Pour la Cour, laquelle se réfère à la jurisprudence de la Cour européenne des droits de l’Homme, la protection offerte par la liberté d’expression ne se limite pas aux paroles ou aux écrits mais également aux comportements notamment à l’occasion de la commission d’une infraction de droit commun délibérément commise en vue d’exprimer une opinion et une conviction en matière de lutte contre le changement climatique (CEDH, 3 juillet 2025, Ludes e.a. c.

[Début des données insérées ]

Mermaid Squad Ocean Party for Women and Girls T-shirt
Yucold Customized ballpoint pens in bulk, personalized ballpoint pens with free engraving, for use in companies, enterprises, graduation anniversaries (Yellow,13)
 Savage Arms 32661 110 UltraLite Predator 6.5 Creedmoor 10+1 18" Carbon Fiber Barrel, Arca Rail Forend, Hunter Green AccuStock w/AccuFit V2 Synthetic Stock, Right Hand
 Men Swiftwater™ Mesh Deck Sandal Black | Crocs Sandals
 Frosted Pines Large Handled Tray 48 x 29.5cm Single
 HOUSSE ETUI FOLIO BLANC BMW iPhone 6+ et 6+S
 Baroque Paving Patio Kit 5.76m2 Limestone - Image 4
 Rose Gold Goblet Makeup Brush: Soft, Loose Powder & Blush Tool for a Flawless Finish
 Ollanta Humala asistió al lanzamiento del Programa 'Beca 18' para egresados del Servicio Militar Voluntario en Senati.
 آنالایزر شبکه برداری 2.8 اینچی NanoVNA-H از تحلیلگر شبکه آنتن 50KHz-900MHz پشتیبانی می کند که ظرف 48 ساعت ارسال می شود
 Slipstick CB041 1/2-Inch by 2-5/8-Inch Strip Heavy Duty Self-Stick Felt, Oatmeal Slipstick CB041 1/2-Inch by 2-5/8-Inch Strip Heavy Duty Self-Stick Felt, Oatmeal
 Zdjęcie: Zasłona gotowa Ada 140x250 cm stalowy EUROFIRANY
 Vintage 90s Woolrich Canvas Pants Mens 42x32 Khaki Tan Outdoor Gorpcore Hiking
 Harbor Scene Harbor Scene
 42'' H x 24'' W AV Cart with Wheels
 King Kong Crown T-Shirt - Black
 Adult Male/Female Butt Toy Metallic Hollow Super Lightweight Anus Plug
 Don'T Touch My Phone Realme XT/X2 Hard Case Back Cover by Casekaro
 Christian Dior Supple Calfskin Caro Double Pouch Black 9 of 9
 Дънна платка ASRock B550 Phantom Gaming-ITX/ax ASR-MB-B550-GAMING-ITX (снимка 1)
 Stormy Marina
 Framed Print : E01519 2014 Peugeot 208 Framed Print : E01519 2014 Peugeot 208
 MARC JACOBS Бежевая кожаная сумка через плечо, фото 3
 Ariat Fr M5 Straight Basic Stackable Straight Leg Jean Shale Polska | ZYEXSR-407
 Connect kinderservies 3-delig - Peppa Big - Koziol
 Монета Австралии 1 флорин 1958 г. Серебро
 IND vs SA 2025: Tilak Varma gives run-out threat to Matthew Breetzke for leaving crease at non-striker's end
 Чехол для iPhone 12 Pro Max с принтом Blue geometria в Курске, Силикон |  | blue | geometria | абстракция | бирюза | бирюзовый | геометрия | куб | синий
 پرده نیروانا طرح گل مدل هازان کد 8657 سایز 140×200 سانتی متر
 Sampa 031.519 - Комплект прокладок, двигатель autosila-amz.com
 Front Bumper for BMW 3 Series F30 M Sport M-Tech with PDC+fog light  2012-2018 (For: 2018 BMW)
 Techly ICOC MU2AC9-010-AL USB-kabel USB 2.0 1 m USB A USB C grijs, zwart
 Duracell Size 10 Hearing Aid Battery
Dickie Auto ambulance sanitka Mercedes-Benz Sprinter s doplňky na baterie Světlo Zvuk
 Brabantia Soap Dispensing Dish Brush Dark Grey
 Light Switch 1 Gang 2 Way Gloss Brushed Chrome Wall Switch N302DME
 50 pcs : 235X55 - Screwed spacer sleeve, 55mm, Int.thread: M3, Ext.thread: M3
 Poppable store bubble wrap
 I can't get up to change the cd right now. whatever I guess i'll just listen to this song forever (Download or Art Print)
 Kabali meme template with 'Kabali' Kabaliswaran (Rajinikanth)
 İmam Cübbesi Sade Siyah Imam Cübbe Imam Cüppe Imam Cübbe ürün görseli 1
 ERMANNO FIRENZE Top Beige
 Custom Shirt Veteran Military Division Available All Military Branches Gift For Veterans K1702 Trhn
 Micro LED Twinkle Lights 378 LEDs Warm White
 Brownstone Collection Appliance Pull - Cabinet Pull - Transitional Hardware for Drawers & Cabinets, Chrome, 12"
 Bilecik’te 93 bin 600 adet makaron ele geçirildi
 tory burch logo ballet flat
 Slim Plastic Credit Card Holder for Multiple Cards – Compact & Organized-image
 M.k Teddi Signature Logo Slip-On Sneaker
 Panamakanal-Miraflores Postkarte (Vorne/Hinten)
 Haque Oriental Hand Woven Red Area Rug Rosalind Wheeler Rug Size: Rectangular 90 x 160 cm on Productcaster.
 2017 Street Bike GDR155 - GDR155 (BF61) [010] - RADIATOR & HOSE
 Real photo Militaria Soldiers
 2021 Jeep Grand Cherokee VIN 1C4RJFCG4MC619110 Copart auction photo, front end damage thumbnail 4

France).

Ces deux dispositions ne s’opposent pas à la répression des délits commis à l’occasion de l’usage de cette liberté, mais, dans l’hypothèse d’une telle ingérence dans l’exercice de la liberté d’expression, il convient de vérifier si celle-ci est prévue par la loi, si elle poursuit un ou des buts légitimes au regard de l’article 10, § 2, de la Convention européenne des droits de l’homme et si elle apparaît nécessaire dans une société démocratique (CEDH, 3 juillet 2025, Ludes e.a. c. France, précité).

La juridiction doit vérifier si :

  • les faits commis ont délibérément été commis pour exprimer une conviction couverte par la liberté d’expression ;
  • l’ingérence est prévue par la loi (en l’occurrence la prévention de vol, visées par les articles 461 et 463 du Code pénal) et poursuit un des buts énumérés à l’article 10§2 de la Convention à savoir la défense de l’ordre et la prévention du crime ;
  • l’ingérence est nécessaire dans une société démocratique. Dans ce cadre, il convient de mettre en balance les intérêts en jeu et d’évaluer la proportionnalité de la mesure en soulignant que la nature et la lourdeur des peines infligées sont des éléments à prendre en considération lorsqu’il s’agit de mesurer la proportionnalité de l’ingérence et le prononcé d’une condamnation pénale constituait l’une des formes les plus graves d’ingérence dans le droit à la liberté d’expression. Enfin, elle rappelle qu’il est fondamental, dans une société démocratique, d’accorder la plus grande importance à la liberté dans le contexte du débat politique. Il en résulte que la marge d’appréciation dont disposent les autorités pour juger de la ‘ nécessité ’ d’une mesure litigieuse dans ce contexte est donc ‘ particulièrement restreinte ’.

Pour la Cour, dans ce cadre, la protection de l’environnement constitue un sujet d’intérêt général et cite à cet égard, des arrêts de la Cour européenne des droits de l’Homme (CEDH, 7 novembre 2006, Mamère c. France ; grande chambre, 22 avril 2013,  Animal Defenders International c. Royaume Uni) ainsi que son avis du 13 juillet 2022 et l’avis consultatif de la Cour internationale de justice du 23 juillet 2025 relatif aux obligations des Etats en matière de changement climatique pour rappeler l’importance des obligations qui incombent aux États en application du droit international conventionnel et coutumier en matière de protection du système climatique et d’autres composantes de l’environnement contre les émissions anthropiques de gaz à effet de serre.

La Cour déduit de ces décisions et avis qu’il s’ensuit que les autorités nationales disposent d’une marge d’appréciation particulièrement restreinte et qu’elles doivent faire preuve de retenue quant à l’usage de la voie pénale dans le cadre de l’exercice de la liberté d’expression s’inscrivant dans la lutte contre le changement climatique.

Dans l’hypothèse de procédures pénales intentées à la suite de cet exercice, la juridiction pénale est tenue de réaliser un contrôle de proportionnalité de l’ingérence dans le droit à la liberté d’expression.

Si l’arrêt mentionne que, de manière générale, le juge doit respecter le principe de proportionnalité des peines et veiller à ce que la sanction soit proportionnée à la gravité du comportement punissable, le cas échéant en les réduisant en cas de circonstances atténuantes laissée à la libre appréciation du juge ou, le cas échéant, en prononçant la suspension du prononcé de la condamnation, elle relève que « La Cour de cassation a admis qu’une cause d’excuse peut découler des droits et libertés garantis par la Convention européenne des droits de l’Homme (Cass. 6 janvier 1998).